50er Jahre: Der Saal Gabel ist vorbereitet. Foto: Archiv Kauck/Welzbacher Foto: Archiv Kauck/Welzbacher
WÄCHTERSBACH - (an). Am heutigen Samstag startet der Wächtersbacher Carneval-Verein WCV mit seiner „rosa Sitzung“ voll durch. 1961 wurde dieser Verein gegründet. Fasching jedoch wurde in Wächtersbach und den heute dazu gehörenden Stadtteilen auch schon vorher gefeiert, wenn auch nicht mit vier- bis fünfstündigen Fremdensitzungen. So gab es Kappenabende, Kostümbälle. Lumpenbälle und Maskenbälle. Gudrun und Reinhard Kauck aus Hesseldorf zeigen dies am Beispiel der Veranstaltungen im Saal Gabel (heute „Hesseldorfer Stuben“) ihres Heimatortes auf.
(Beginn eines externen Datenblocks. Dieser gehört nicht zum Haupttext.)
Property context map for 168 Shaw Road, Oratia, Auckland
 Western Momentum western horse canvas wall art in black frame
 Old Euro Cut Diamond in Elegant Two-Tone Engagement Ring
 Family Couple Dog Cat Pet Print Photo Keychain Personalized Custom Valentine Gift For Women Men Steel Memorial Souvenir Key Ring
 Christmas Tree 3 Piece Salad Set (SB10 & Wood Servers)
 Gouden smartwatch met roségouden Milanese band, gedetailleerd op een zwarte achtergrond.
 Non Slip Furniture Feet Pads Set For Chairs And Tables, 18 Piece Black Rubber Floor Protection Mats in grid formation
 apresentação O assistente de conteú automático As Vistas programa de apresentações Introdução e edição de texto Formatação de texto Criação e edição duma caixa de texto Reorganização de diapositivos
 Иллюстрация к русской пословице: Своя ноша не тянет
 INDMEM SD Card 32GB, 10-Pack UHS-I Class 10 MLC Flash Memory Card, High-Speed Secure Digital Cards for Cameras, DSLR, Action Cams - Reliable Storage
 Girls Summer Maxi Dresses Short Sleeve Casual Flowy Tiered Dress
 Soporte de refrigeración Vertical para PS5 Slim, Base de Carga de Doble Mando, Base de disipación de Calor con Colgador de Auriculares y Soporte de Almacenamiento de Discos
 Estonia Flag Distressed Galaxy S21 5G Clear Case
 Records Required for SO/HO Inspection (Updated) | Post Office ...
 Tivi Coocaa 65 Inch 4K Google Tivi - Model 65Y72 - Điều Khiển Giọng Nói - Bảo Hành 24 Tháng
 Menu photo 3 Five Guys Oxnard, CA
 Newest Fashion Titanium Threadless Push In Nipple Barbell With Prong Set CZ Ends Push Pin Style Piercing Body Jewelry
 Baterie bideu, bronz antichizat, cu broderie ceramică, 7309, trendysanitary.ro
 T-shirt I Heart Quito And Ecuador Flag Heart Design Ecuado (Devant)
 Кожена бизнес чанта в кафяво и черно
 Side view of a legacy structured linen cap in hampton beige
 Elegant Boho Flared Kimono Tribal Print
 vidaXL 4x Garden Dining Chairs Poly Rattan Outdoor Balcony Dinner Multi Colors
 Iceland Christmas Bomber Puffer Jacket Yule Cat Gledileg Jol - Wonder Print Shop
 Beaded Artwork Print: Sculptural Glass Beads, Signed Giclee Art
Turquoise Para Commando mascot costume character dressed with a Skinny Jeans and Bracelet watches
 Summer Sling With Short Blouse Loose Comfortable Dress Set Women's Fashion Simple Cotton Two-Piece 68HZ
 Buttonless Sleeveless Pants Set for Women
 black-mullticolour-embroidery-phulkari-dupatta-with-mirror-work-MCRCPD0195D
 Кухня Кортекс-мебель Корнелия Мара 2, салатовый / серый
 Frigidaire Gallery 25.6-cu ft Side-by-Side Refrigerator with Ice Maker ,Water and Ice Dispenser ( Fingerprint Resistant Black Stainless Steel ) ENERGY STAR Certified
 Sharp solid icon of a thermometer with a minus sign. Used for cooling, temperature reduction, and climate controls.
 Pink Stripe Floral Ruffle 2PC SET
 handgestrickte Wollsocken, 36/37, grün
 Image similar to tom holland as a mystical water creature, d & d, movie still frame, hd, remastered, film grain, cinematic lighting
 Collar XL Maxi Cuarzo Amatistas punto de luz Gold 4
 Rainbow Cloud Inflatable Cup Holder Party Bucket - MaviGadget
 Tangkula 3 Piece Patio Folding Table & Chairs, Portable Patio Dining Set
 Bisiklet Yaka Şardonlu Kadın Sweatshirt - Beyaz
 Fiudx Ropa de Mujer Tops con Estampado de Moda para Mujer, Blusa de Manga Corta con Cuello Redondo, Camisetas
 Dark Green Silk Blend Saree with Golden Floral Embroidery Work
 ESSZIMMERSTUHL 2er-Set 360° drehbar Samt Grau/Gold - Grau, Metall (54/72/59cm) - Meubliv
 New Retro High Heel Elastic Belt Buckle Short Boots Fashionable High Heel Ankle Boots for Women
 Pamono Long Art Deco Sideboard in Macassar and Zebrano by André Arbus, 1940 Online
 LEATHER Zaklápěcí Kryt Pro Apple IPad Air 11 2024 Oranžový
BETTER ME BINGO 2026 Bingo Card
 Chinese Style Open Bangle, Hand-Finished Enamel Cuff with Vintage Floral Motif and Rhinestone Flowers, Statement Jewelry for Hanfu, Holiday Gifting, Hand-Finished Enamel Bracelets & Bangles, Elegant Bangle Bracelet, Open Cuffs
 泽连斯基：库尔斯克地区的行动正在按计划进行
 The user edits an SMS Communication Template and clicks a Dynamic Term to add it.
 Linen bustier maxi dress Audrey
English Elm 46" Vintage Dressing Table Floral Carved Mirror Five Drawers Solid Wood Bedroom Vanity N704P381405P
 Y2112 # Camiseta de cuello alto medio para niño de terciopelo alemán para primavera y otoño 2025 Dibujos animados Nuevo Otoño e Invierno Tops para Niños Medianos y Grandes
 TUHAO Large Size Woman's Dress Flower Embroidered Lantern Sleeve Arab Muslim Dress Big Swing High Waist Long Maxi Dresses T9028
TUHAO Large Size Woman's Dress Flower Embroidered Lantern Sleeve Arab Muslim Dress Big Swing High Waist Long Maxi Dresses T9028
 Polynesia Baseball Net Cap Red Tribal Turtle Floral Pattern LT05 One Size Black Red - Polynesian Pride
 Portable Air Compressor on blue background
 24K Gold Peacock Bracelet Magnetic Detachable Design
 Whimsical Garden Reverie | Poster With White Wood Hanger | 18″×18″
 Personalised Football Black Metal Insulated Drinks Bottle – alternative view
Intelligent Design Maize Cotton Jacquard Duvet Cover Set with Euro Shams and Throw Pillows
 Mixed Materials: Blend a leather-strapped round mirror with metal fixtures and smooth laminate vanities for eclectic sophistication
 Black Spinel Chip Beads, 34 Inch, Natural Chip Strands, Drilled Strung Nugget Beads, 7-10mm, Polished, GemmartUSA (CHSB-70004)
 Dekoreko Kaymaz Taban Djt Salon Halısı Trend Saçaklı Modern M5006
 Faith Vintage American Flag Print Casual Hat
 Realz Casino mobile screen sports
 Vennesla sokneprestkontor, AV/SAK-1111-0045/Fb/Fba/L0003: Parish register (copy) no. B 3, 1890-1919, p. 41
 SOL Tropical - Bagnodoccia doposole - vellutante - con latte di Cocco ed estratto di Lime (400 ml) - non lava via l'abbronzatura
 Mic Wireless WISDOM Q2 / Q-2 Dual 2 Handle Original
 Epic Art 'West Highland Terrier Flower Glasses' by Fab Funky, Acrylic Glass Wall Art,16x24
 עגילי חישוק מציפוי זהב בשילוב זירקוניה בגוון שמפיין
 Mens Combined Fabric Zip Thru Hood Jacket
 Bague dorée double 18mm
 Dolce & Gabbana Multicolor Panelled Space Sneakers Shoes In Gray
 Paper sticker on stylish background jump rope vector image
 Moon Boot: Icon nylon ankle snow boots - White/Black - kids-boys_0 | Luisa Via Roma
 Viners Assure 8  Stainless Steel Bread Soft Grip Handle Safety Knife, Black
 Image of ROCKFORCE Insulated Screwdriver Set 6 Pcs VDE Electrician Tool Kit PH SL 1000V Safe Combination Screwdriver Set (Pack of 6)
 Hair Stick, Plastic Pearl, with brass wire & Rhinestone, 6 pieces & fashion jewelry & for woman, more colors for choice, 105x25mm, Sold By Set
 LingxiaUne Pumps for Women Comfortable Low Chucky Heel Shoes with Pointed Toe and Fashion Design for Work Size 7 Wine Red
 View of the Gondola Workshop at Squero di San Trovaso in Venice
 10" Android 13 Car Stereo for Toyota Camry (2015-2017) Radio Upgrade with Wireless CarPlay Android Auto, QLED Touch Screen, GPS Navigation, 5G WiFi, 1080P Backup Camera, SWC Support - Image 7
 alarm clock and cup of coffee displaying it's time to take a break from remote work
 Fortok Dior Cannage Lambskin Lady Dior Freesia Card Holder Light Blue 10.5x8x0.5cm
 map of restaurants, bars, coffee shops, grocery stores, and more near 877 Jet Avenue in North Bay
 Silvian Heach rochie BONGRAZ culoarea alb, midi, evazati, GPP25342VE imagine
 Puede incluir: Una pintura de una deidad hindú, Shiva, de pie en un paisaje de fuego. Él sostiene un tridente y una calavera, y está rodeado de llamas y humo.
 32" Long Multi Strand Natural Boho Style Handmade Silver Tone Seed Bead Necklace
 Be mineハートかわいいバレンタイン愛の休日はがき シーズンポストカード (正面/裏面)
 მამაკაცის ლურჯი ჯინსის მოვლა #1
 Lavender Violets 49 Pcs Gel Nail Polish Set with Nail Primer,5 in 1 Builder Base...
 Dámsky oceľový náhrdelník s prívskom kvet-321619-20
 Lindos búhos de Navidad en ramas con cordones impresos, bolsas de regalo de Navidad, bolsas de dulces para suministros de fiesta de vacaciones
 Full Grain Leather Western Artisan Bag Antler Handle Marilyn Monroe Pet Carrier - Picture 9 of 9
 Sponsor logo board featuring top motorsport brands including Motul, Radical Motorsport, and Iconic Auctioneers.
Demnach war bei den jährlich wiederkehrenden Festen Fasching bestimmt eines der beliebtesten. An den tollen Tagen vor Beginn der Fastenzeit konnte man nicht nur den Winter verabschieden, sondern auch ausgelassen feiern. Auf den alten Fotos sieht man, dass meist große Gruppen zusammen feierten. Diese Feiern fanden in den Gastwirtschaften und Sälen statt. Die Faschingszeit beschränkte sich auf das Wochenende vor Aschermittwoch. Der Faschingssamstag war der Haupttag für die Maskenbälle, zu denen viele Personen so maskiert oder kostümiert erschienen, dass man sie nicht erkennen konnte. Die Masken waren meist einfache Stofflarven mit und ohne Mundtuch oder Gesichtsmasken aus Gummimaterial. Bei einem Maskenball findet um Mitternacht die Demaskierung statt. Dann werden die Masken auf einem Podest vom Tanzpartner entfernt. Das Paar, das zusammen auf das Podest tritt, muss sich küssen und wird von den Umstehenden beklatscht. Faschingssonntag gab es dann Kinderfaschingsfeiern oder Kappenabende, bei denen alle lustige Hüte tragen. Am Rosenmontag wurde dann wieder der Saal für eine große Faschingsfeier geöffnet – meist ein Kostümball, bei dem Kostümierung erwünscht ist. Faschingsdienstag fand dann zum Ausklang eventuell noch ein Lumpenball statt, bei dem die Teilnehmer statt in schönen Kostümen in Lumpen oder Fetzenkostümen erscheinen. Außerdem gehörten zum Fasching auch noch die Kräppel, die jedoch nur am Faschingssamstag oder -sonntag in heißem Fett ausgebacken wurden.
Fantasie gefragt
Heutzutage kaufen sich die meisten Leute ihre Faschingskostüme in Geschäften und Kaufhäusern. Früher hatte man jedoch für Verkleidungen nicht viel Geld zur Verfügung. So war die Fantasie gefragt, wie man mit wenig Mitteln viel erreichen konnte. Die Kostüme beschränkten sich oft auf Kleidertausch – Männer trugen Frauenkleider – oder Selbstgenähtes aus preiswerten Stoffen. Auf den historischen Fotos sieht man, dass viele „Masken“, das heißt nicht nur verkleidete, sondern auch mit einer Gesichtsmaske ausgestattete Menschen unterwegs waren. Und nicht nur die Frauen kamen maskiert. Auch oder gerade die Männer verkleideten sich sehr fantasievoll. Als Brustersatz dienten dann auch mal zwei Pressköpfe unter der Bluse.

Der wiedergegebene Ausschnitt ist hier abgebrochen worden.